The Burt-2018 model must be run separately on each hemisphere; we show the reference call below assuming data from a single hemisphere.
Note also that the `brain` data provided to the Burt-2018 method must be *positive*.

> "Described in Burt et al., 2018, *Nat Neuro*, this framework uses a spatial autoregressive model of the form $\mathbf{y} = \rho \mathbf{W} \mathbf{y}$ to generate surrogate data.

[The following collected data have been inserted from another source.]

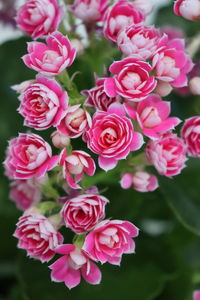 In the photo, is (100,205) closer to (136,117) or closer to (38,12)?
(136,117)

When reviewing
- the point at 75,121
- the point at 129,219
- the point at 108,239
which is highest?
the point at 75,121

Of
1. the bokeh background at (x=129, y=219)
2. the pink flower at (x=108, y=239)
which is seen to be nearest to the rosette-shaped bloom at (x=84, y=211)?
the pink flower at (x=108, y=239)

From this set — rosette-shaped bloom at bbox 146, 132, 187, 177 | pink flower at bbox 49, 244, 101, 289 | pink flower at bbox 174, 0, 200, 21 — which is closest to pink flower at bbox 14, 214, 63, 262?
pink flower at bbox 49, 244, 101, 289

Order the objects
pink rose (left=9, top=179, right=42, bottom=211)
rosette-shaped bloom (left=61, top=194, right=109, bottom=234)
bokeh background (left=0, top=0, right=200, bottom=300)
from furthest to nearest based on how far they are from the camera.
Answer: bokeh background (left=0, top=0, right=200, bottom=300), pink rose (left=9, top=179, right=42, bottom=211), rosette-shaped bloom (left=61, top=194, right=109, bottom=234)

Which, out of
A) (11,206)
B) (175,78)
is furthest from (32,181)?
(11,206)

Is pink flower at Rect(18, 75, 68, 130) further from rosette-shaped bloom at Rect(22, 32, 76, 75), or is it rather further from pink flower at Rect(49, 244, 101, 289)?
pink flower at Rect(49, 244, 101, 289)

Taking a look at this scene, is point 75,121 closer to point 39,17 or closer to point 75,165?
point 75,165

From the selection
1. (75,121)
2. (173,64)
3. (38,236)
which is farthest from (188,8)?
(38,236) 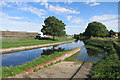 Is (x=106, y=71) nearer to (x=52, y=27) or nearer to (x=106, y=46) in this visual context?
(x=106, y=46)

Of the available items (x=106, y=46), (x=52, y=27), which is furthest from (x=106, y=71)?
(x=52, y=27)

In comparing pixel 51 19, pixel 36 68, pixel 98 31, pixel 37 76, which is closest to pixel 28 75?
pixel 37 76

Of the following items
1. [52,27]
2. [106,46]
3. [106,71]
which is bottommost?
[106,71]

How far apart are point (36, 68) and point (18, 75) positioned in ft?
6.80

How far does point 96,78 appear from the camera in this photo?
8.34 meters

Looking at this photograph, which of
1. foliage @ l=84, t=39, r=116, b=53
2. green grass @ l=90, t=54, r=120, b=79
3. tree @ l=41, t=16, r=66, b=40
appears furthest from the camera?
tree @ l=41, t=16, r=66, b=40

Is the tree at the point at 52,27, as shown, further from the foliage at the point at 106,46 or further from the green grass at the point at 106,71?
the green grass at the point at 106,71

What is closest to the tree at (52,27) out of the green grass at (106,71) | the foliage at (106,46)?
the foliage at (106,46)

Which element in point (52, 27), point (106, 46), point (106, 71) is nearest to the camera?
point (106, 71)

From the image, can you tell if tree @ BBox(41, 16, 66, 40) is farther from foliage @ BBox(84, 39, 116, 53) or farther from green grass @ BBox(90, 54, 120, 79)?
green grass @ BBox(90, 54, 120, 79)

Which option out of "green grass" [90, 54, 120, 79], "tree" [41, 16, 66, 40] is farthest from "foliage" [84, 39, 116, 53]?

> Here, $\mathbf{y}$ refers to a Box-Cox transformed, mean-centered brain feature of interest (i.e., a brain map), $\mathbf{W}$ is a weight matrix (derived from $\mathbf{D}$, a matrix of the distance between brain regions, and $d_{0}$, a spatial autocorrelation factor), and $\rho$ is a spatial lag parameter.
> The parameters $\rho$ and $d_{0}$ are derived from the data via a least-squares optimization procedure and their estimates $\hat{\rho}$ and $\hat{d_{0}}$ are used to generate surrogate brain maps according to $\mathbf{y_{surr}} = (\mathbb{I} - \hat{\rho} \mathbf{W}[\hat{d_{0}}])^{-1} \mathbf{u}$, where $\mathbf{u} \sim \mathcal{N}(0,1)$ is a vector of random Gaussian noise.
> Rank-ordered values in the $\mathbf{y_{surr}}$ map are replaced with corresponding values from the original $\mathbf{y}$."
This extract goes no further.